We must recognize that "piracy" was as much an ascriptive label applied especially by the British as a matter of policy in their pacification and colonization of Malaya and Borneo. Piracy was applied to all groups who showed resistance to British colonial procedures and who sought by brute force to gain profit from victims.
This form of piracy was not too much different from the imperialistic policies of the Europeans themselves, whether we talk about the cut-throat and exploitative policies of merchant-mariners or the policies of British administrators and their military henchmen. Such piracy policy later became transformed into a policy of paramountcy. "...This was the theory that the strongest had a legal duty to keep its weaker neighbors in sufficient order to permit trade. ...The roots really lay in a concept of world order that exalted rights of property, of goods in transit or in warehouses, to be free from interference. Since rival claims to sovereign, law-making authority might interfere with rights of property, the 'paramount' power assumed the right, even the 'duty' to oversea questions of dynamic succession." (Alfred Rubin, Piracy, Paramountcy and Protectorates 1974: p. 54)
British policy became transformed into a matter of "protectionism" in which "the mark of a protected state or people...is that it cannot maintain political intercourse with foreign powers except through or by permission of the protecting state." (ibid.: pg. 66) It is not too difficult to see the implicit "White man's burden" and racial superiority behind this kind of policy.
But the prototypical form of piracy has probably had its place in Southeast Asia long before the Europeans took over. It consisted for the most part of sea-going groups, sometimes numbering in the thousands and in the hundreds of craft, who traveled and marauded ships, coastal settlements, and even raids far inland up rivers. This was a cultural adaptation, and fishing and trading were undoubtedly a part of the complex. Families lived on boats, headed by a male elder and several sons or in-laws. Such fleets could hide among the many islets and bays, or escape inland among the many inlets and deltaic tributaries with which they were familiar. Groups that were displaced from their settlements may become "wandering pirates"--sort of sea gypsies.
The principle item of trade of such pirates were slaves, many of whom were inducted into the profession of piracy, and most of whom would be resold in another place on the slave market. They might capture slaves on one shore, and sell them on the opposite shore, or take them in the north and sell them in the south.
Princes kept harems of slaves, concubines--some of whom were recorded to have escaped from a Malay prince to seek safety among the Chinese of Singapore after having been tortured. Chinese themselves have long been pirates on the Nanyang--capturing slaves from the coasts of Fukien province, attacking a Spanish settlement at Manila in 1570 under the leadership of Limahon (Charles Robequain Malaya, Indonesia, Borneo and the Philippines: A Geographical, Economic and Political description of Malaya, the East Indies and the Philippines.London: Longman, Green and Co., Ltd., 1958) and even plundering ships in Singapore harbor in the 19th century. Malay pirates were more numerous. They attacked as far as the Gulf of Tonkin in the 8th Century, using poison arrows, throwing darts and slings.

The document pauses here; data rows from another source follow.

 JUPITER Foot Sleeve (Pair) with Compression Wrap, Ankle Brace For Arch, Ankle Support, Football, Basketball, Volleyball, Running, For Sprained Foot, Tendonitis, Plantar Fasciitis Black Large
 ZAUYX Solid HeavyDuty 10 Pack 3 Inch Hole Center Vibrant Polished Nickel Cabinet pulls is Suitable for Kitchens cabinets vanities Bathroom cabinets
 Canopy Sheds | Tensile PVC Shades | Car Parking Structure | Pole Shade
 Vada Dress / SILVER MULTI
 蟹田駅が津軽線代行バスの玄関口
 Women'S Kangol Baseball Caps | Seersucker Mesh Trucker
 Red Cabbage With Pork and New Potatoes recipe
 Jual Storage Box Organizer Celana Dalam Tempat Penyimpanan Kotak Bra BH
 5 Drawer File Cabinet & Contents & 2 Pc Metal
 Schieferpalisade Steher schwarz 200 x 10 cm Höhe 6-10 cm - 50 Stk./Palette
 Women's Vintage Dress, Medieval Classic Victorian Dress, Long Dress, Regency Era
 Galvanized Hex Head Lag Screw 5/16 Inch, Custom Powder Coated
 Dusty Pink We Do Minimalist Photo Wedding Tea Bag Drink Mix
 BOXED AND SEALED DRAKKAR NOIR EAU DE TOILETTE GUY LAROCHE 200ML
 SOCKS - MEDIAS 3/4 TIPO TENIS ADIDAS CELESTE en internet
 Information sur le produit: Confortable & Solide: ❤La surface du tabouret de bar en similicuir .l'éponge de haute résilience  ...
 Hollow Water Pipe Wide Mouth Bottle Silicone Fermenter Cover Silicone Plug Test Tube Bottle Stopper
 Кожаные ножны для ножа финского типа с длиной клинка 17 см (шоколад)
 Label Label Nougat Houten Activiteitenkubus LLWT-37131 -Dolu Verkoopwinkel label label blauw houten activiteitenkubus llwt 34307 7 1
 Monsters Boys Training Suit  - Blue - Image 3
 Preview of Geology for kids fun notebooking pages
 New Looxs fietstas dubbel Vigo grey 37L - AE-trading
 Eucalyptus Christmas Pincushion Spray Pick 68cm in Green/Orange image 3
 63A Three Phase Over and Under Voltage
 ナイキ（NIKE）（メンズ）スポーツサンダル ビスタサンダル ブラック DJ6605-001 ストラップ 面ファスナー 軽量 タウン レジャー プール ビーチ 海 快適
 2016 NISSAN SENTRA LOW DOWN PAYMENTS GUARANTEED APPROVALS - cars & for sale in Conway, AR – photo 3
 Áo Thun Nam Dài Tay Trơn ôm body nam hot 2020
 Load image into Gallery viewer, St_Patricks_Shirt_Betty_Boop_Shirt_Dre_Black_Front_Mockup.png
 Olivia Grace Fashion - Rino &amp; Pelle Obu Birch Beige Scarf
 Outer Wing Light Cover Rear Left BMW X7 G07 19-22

Piracy was no small part of the prosperity of the Indianized states of Southeast Asia, relying as much on control of commerce as upon the exploitation of a sedentary agricultural substratum. We must consider piracy to have been an acceptable form of "primitive economics" in which relations of trading could easily alternate into raiding.
In considering the Mandala states, we must look at the limitations of power yielded by princes who were as much "big men" of prowess as they were "chiefs" whose authority was legitimated by religion. In this we can see certain characteristic patterns that have been identified by Wolters as widely represented features of many parts of early Southeast Asia. Comparative isolation of groups with strong local attachments, cognatic kinship, an indifference towards lineage descent, "and a preoccupation with the present that came from the need to identify in one's own generation those with abnormal spiritual qualities...(1982: pg. 4-9).
These characteristics combined to promote a "big Man" orientation upon "men of prowess" bringing with it the "possibility of mobilizing extended kinship ties within and outside the settlement or network of settlements." This orientation promoted characteristic regional attitudes towards common expectations for achievement in public life, a means of gaining prestige. "...Public life would also be the stage for open competition for pre-eminence. Leaders and followers alike needed to validate their status by continuous achievement, and achievement often involved adventures into neighboring settlement areas..." Leaders regularly bestowed gifts and titles on those of merit. Many Southeast Asian languages came to reflect the differences between the aristocratic and the common people in marked dialectical forms. "Finally, and very important in the extension of communications between networks of settlements, leaders in neighboring areas would recognize the higher spiritual status of a man of outstanding prowess and seek to regularize their relations with him by means of alliances that acknowledged the inequality of the parties. In this way more distant areas would be brought into a closer relationship with one another." (Wolters, 1982: pgs. 4-9)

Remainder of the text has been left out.